Building & Construction

June 9, 2026
CRU revises extrusions, rolled products growth outlooks
Written by Nicholas Bell
CRU Group cut its near-term extrusion growth outlook while lowering rolled product expectations.
CRU, parent company of AMU, lowered its forecast for 2026 US semi-fabricated aluminum consumption growth in its May Casthouse Shapes Market Outlook. Its previous outlook was published Feb. 27.
Near-term revisions
Between its February and May outlooks, CRU lowered its forecast for 2026 US semi-fabricated aluminum consumption growth to 0.4% from 2.0%.
Extrusions recorded the largest reduction in expected 2026 growth among the major product categories.
In February, CRU expected US extrusion consumption to increase 3.3% in 2026. By May, that forecast had fallen to 1.6%.
CRU’s 2026 rolled product consumption slowed to 0.7% in May’s outlook, compared to projected 2.7% growth earlier in February.
The contraction in US castings consumption deepened to a 1.5% decline from a 0.8% reduction projected in February.
Wire and cable changed slightly, with expected growth easing to 2.7% from 2.8%.
Long-term revisions
CRU’s revisions to its 2025-2030 compound annual growth rate forecasts present a different picture.
The firm lowered its long-term growth forecast for total US semi-fabricated aluminum consumption to 3.1% from 3.8%.
Rolled products recorded the largest downward revision among the major product groups, with an updated 2.6% growth forecast from 3.7% in February.
Tangentially, extrusion growth dipped to 3.5% from 3.9%, while castings moved to 3.7% from 3.9%. Wire and cable growth estimates increased to 3.7% from 3.5% over the same period.
End-market forecasts explain divergence
Extrusions
The underlying end-market forecasts help explain why the largest near-term revisions occurred in extrusions while the largest long-term revision occurred in rolled products.
For North American extrusions, where US consumption represents most regional demand, several major end markets showed slower expected growth in 2026.
Construction shifted from around 1.3% growth to a slight contraction. Transportation slowed from roughly 2.6% growth to near flat year-over-year growth. Electrical applications decelerated from about 7.5% growth to about 2.4%.
Consumer durables also slowed, while machinery and equipment remained one of the stronger-performing segments for extrusion consumption.
The May outlook nevertheless continued to project growth in transportation, electrical applications, consumer durables and machinery and equipment over the longer term.
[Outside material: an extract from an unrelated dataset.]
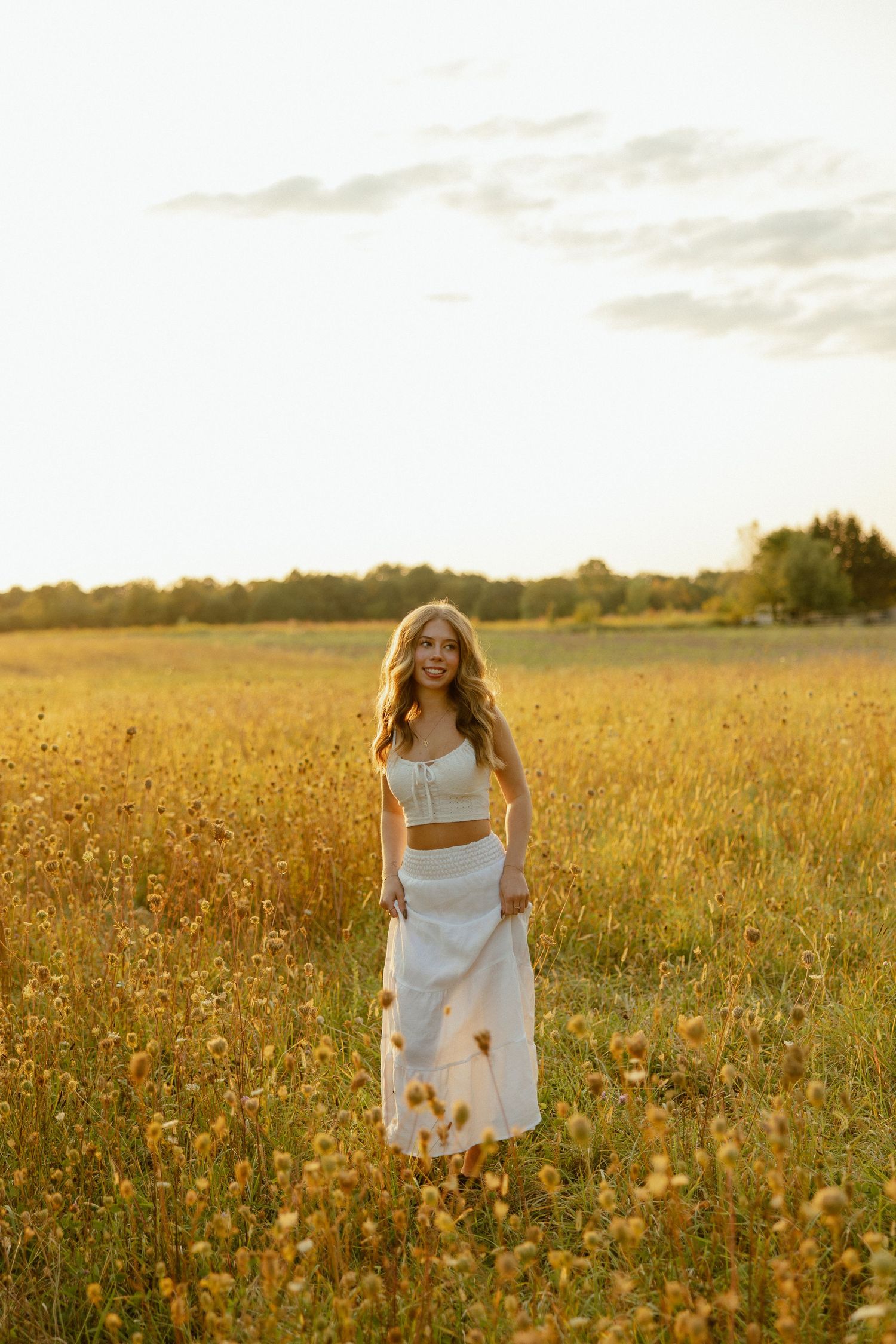 Person in white dress twirling through a sunlit field of wildflowers at sunset.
CRU’s accompanying presentation materials cited weaker light-vehicle product growth outside China, revised electric vehicle adoption assumptions and softer conditions across several consumer-oriented markets.
At the same time, the team continued to identify data center construction, electrical applications and construction activity as sources of future North American extrusion demand.
Rolled products
Although CRU reduced its long-term rolled products growth forecast, the changes varied considerably by end market.
Compared with February expectations, CRU raised its long-term forecasts for construction, electrical applications, machinery and equipment, consumer durables and other smaller segments.
However, transportation demand received a notable reduction through 2030. Can stock forecasts also moved lower. Foil stock recorded one of the largest downward revisions among the major rolled product segments.
Because transportation and can stock account for a substantial share of rolled products consumption in the US, while foil stock received one of the largest downward revisions, those changes weighed on the category’s overall long-term growth forecast despite higher expectations elsewhere.
Rolled products also recorded significant revisions in the near term, as delineated in the May Aluminum Rolled Products Market Outlook published May 28, although they were less severe than those seen in extrusions.
Transportation shifted from 0.5% growth in 2026 consumption expected in February to a 0.9% decline anticipated by May, while can stock growth slowed to 1.8% growth from 2.4% over the same period. Foil stock recorded one of the largest revisions, moving from 9.5% growth in the February outlook to a 4.0% decline in the May forecast.
Construction and consumer durables also received lower growth expectations. Meanwhile, machinery and equipment moved higher and electrical applications remained largely unchanged.